N.º 33 - dezembro 2023

José Maria Carvalho
FUNÇÕES: Conceptualização, Visualização, Redação do rascunho original, Redação — revisão e edição
AFILIAÇÃO: Departamento de Sociologia, Escola de Ciência Sociais da Universidade de Évora.
Largo dos Colegiais, 2, Apartado 94, 7002-554 Évora, Portugal
E-mail: carvalhoze10@hotmail.com | ORCID: https://orcid.org/0000-0002-1479-2155

Deu à estampa em junho de 2022, pela mão das Edições Húmus e com a chancela do CICS.NOVA/Edições, o título Atores da educação musical. Etnografia nos programas socioculturais El Sistema, Neojiba, Orquestra Geração (355 págs.), da autoria de Alix Didier Sarrouy.

Como o título enuncia, o assunto do livro é a utilização da música para fins educativos junto de populações jovens residentes em ambientes urbanos socioeconomicamente desfavorecidos, tendo como unidade de análise três núcleos — Santa Rosa de Agua, Bairro da Paz e Miguel Torga — pertencentes a três programas socioculturais desenvolvidos em latitudes diversas, respetivamente o El Sistema (Venezuela), o Neojiba (Brasil) e o Orquestra Geração (Portugal).
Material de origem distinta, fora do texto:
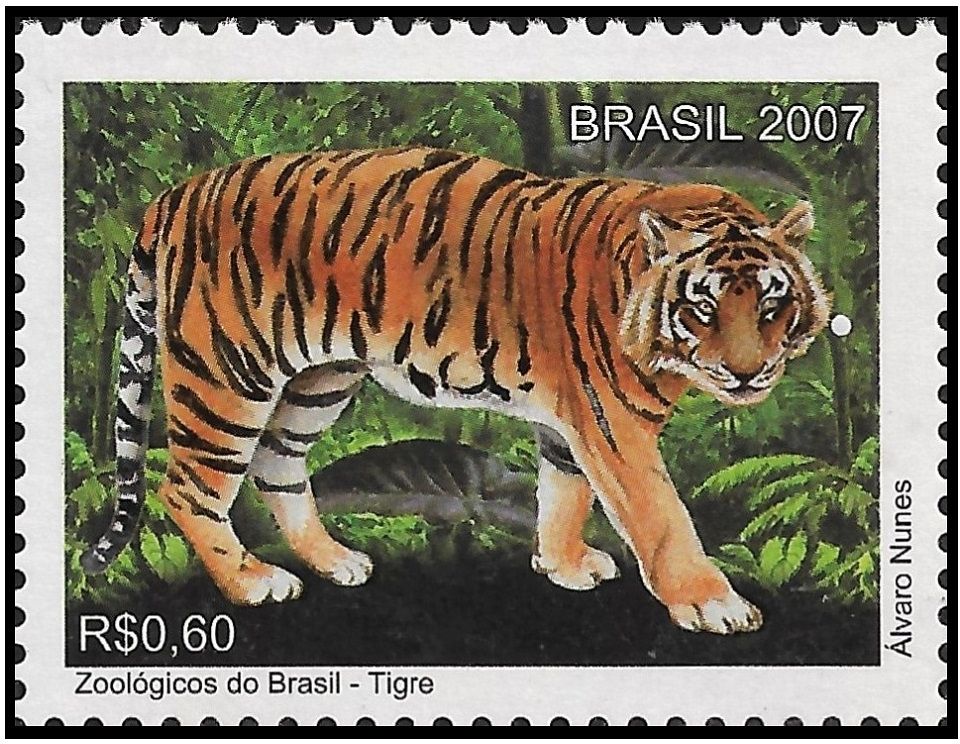 2007C19.2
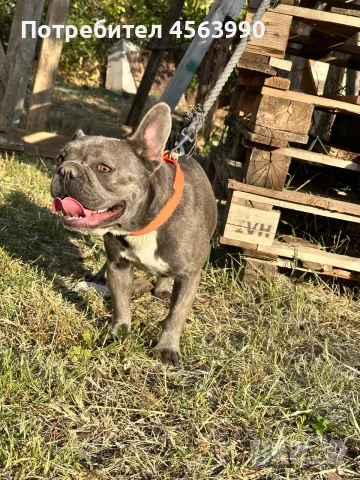 Jenski frenski buldog
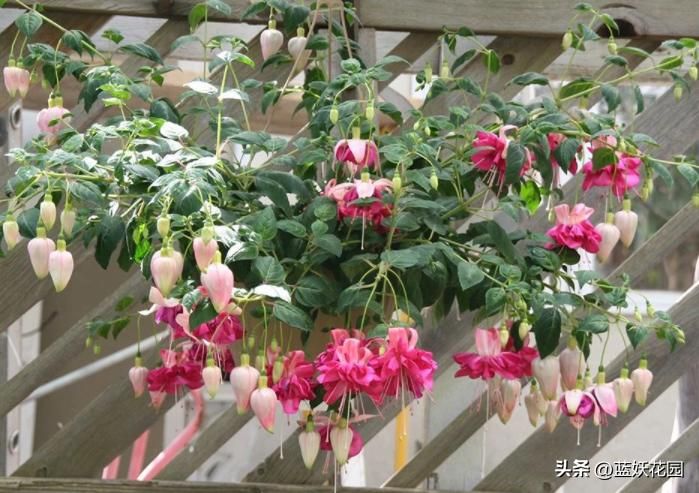 宽叶吊兰的养殖方法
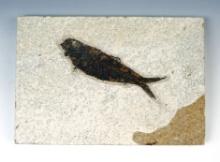 4 3/8" Fish Fossil on a 7 1/2" x 5 3/16" Slab. Recovered from the Kemmerer Flats in Wyoming.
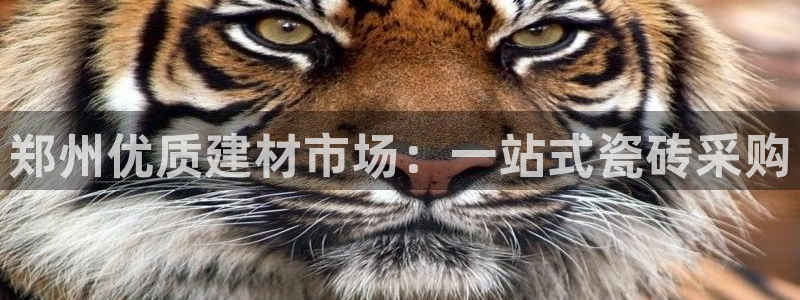 杏鑫平台代理怎么做的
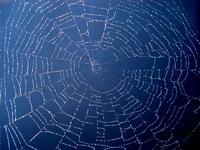 Google, Afilias und Schlund streiten sich um Web-Domains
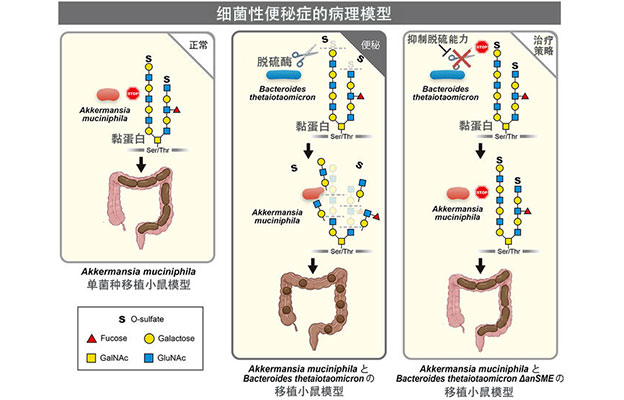 名古屋大学提出“细菌性便秘”新概念，两种肠道细菌协同作用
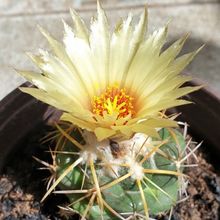 Una foto de Coryphantha elephantidens ssp.bumamma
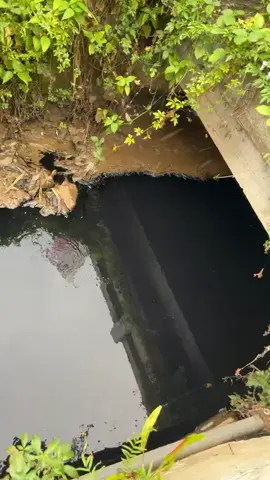 Hitam Pekat Limbah Industri di Sungai Pekalongan  Seorang warga mengeluhkan kondisi sungai di perbatasan Tangkil - Coprayan, yang sudah lama tercemar limbah tekstil, namun hingga kini belum ada penanganan dari pihak terkait.  Dari rekaman video nampak limbah itu mewarnai sepanjang sungai dan baunya sangat menyengat. Apalagi limbah yang terbuang masih berwarna hitam pekat yang dikhawatirkan mengandung zat berbahaya yang akan berdampak serius bagi lingkungan.  Pencemaran ini sebagian besar disebabkan oleh pembuangan limbah industri tekstil, termasuk limbah batik, yang dilakukan tanpa pengolahan yang memadai. Akibatnya, kualitas air sungai menurun drastis, menjadi keruh, berbau tidak sedap, dan mengandung zat berbahaya. Warga berharap, pemerintah atau pihak terkait  tidak memandang sebelah mata permasalahan limbah. Besar harapan warga, pemerintah lebih tegas untuk menindak pelaku industri yang membuang limbah asal-asalan. 📍 Sungai perbatasan Tangkil - Coprayan #pekalonganinfo #pekalongan #Pemalang #Batang #pekalonganraya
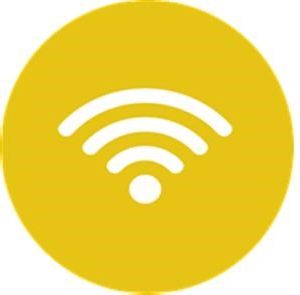 Mspy News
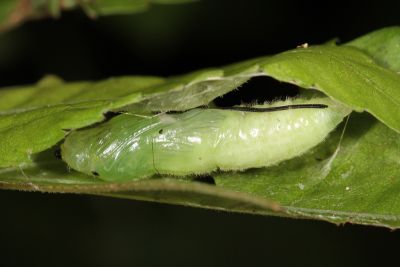 大流星弄蝶 Celaenorrhinus maculosus taiwanus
No capítulo introdutório, o autor posiciona-se num lugar fronteiriço entre os mundos da arte e da educação, ou, como chega a escrever, nos “mundos da arte-educação” (p. 253), definindo as linhas mestras das correntes teóricas seguidas, a saber, o pragmatismo clássico estadunidense, o interacionismo simbólico e a Escola de Chicago. Procurando visar a arte musical na “espessura das ações” (p. 32), Sarrouy enaltece o seu elo com a vida, na medida em que constitui uma “experiência” (Dewey, 2010) situada no tempo e no espaço que “resulta da vida em sociedade” (p. 32), podendo servir de “instrumento para atingir fins que a ultrapassam” (p. 22). Porque inserida na teia de interações estabelecidas em cada um dos núcleos, a obra de arte é considerada mais como um processo do que um resultado final: “se o objetivo musical pode servir de motor, é sobretudo no processo que se focalizam os numerosos ensinamentos dos professores junto dos alunos” (p. 246). O que conduz ao questionamento de como pode a música constituir um instrumento valioso para a prossecução de uma educação de qualidade, isto é, para o desenvolvimento pessoal e social dos jovens que frequentam os núcleos.

Ainda no capítulo introdutório Sarrouy apresenta as principais opções metodológicas. O núcleo, entendido como “espaço físico situado no tempo, onde decorre a ação socioeducativa” (pp. 37-38) com o objetivo de “atingir resultados junto dos jovens alunos através do ensino da música sinfónica” (p. 255), é o ponto onde arte e educação se cruzam, formando, por isso, “o sujeito e a problemática da investigação” (p. 37). Dada a natureza situada do processo musical, os “resultados dos núcleos dependem da relação entre os seus atores diretos (…) e das condições de trabalho que os objetos e o espaço possibilitam” (p. 255), elementos cuja indagação requereu o desenvolvimento de “metodologias qualitativas de ordem empírica e compreensiva” (pp. 35-36) que leva a sério aquilo que os atores dizem e fazem. Mantendo um “foco conscientemente indefinido” (p. 37) à partida, Sarrouy aplica as “artes da escuta, da observação e do diálogo” (p. 43) no curso da sua etnografia, demonstrando uma adaptação bem conseguida às diferentes capacidades expressivas dos atores, após o que realiza um trabalho de indução assente, sobretudo, na observação das situações concretas, posteriormente descritas detalhada e espessamente, e na condução de entrevistas semiestruturadas, seguidamente codificadas.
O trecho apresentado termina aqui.